Rainfall exceeded 600 to 1,000 percent of the normal average from April 21 to May 3 over a significant portion of six states in the MR&T project area, Whitney says. From Illinois to Louisiana, the Mississippi reached record levels. "The magnitude and duration are unprecedented," Whitney says. "We’ve been in flood activity since the first of March."

For the first time in the MR&T’s history, all three of the systems emergency relief valves—the floodways of Birds Point-New Madrid, Bonnet Carre and Morganza—were called into operation simultaneously. The Corps estimates successful operation of the MR&T protected 4.5 million people and more than 10 million acres of land, and prevented more than $108 billion in damages.

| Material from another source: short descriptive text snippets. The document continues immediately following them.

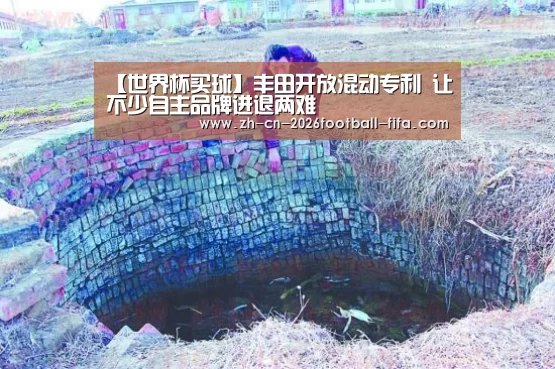 【世界杯买球】丰田开放混动专利 让不少自主品牌进退两难(图2) 世界杯买球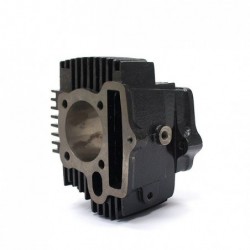 Pit bike Cylinder LIFAN...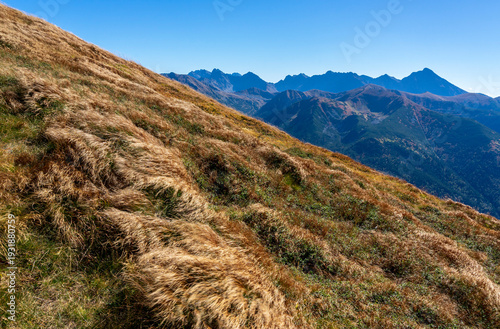 Peaks of the Tatra Mountains and autumn grass.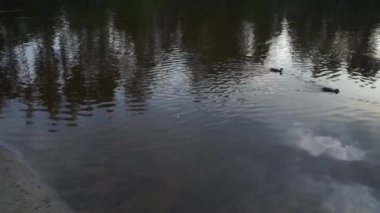 Akşamları gölde Ormanda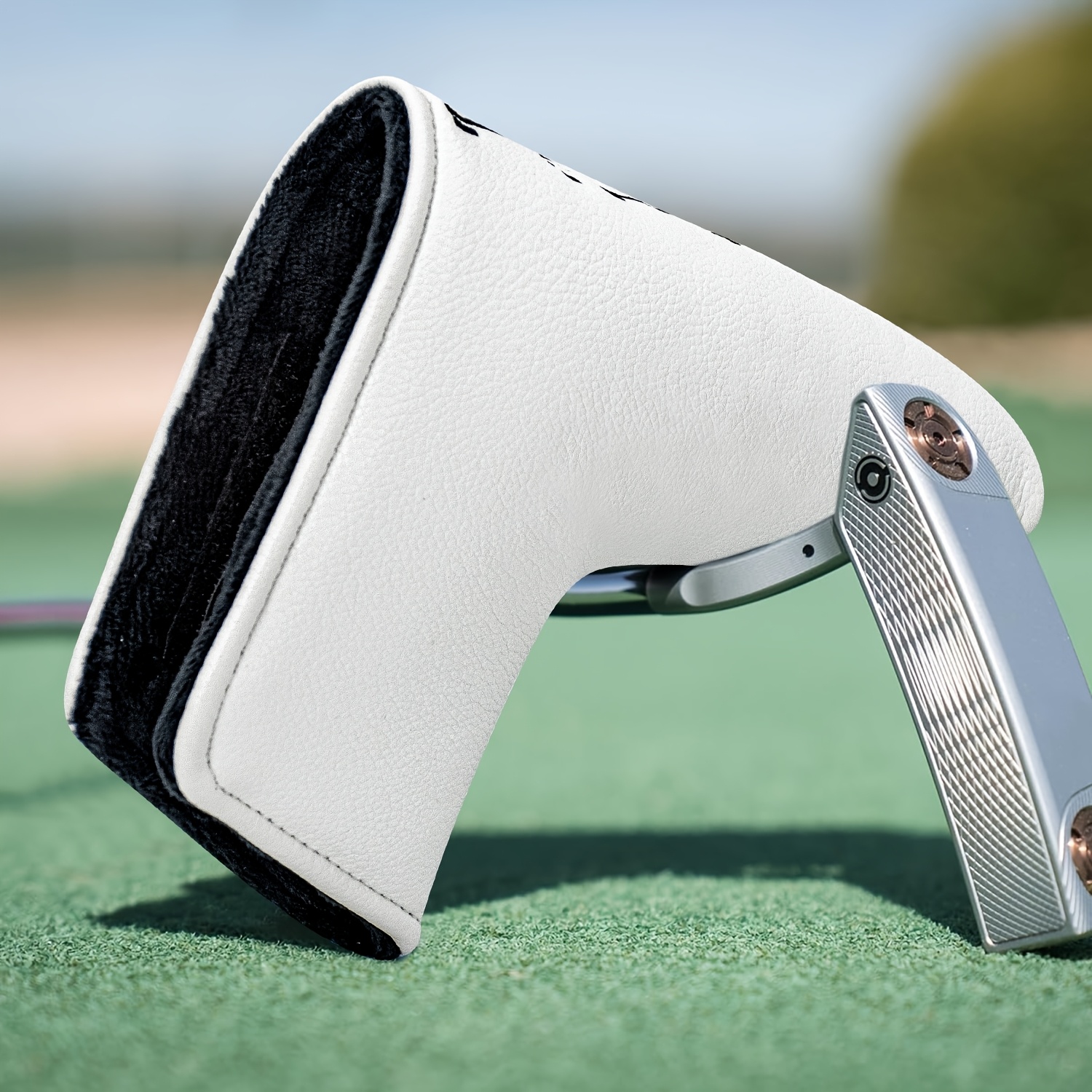 Dinosaur & Crossbones Golf Put - огляд і ціна Golf Equipment Suppliers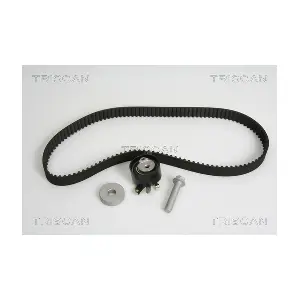 TRISCAN 8647 25038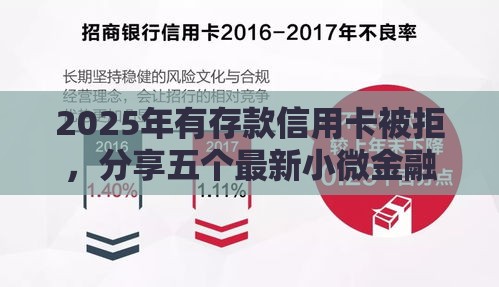 2025年有存款信用卡被拒，分享五个最新小微金融贷款平台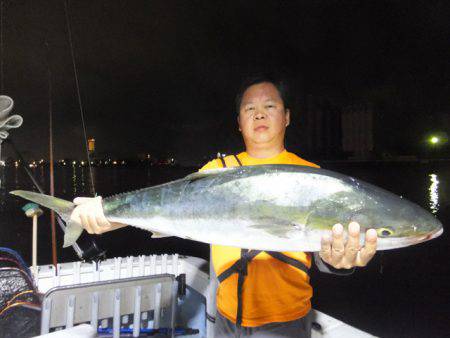 Hit Rush(ヒット ラッシュ) 釣果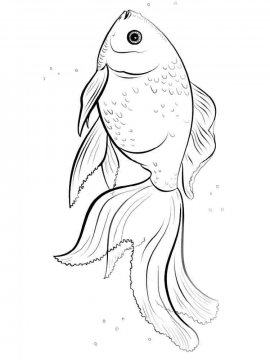 Раскраска Золотая рыбка 14 - Бесплатно распечатать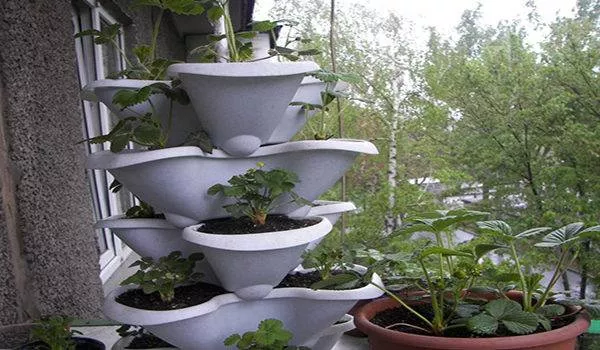 Как выращивать клубнику на балконе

Since the project’s inception in 1928, the nation has contributed $13 billion toward the MR&T’s planning, construction, operation and maintenance. The Corps estimates the MR&T has prevented a total of $350 billion in flood damages, representing a 27:1 return on that investment. "Such astounding figures place the MR&T project among the most successful and cost effective public works projects in the history of the United States," Whitney says.

Yet, ironically, MR&T is a bit of a victim of its own success.

"It was amazing to see that the MR&T performed," says Freddie Rush, executive vice president of the Mississippi Valley Branch of the Associated General Contractors of America. "The amount of water flowing in the river above Vicksburg was greater than the 1927 flood, but the fact that all this water was passed down the river didn’t get the amount of attention it got in 1927."

Tackling fixes to the MR&T using the Corps’ annual civil works funding will be slow, piecemeal, and costly. The Corps wants the public to know the nature of damages throughout the MR&T, and repair costs and schedule with the current level of funding. "The public has an interest in knowing how many years they will have to live behind levees that are now insufficient," Whitney says.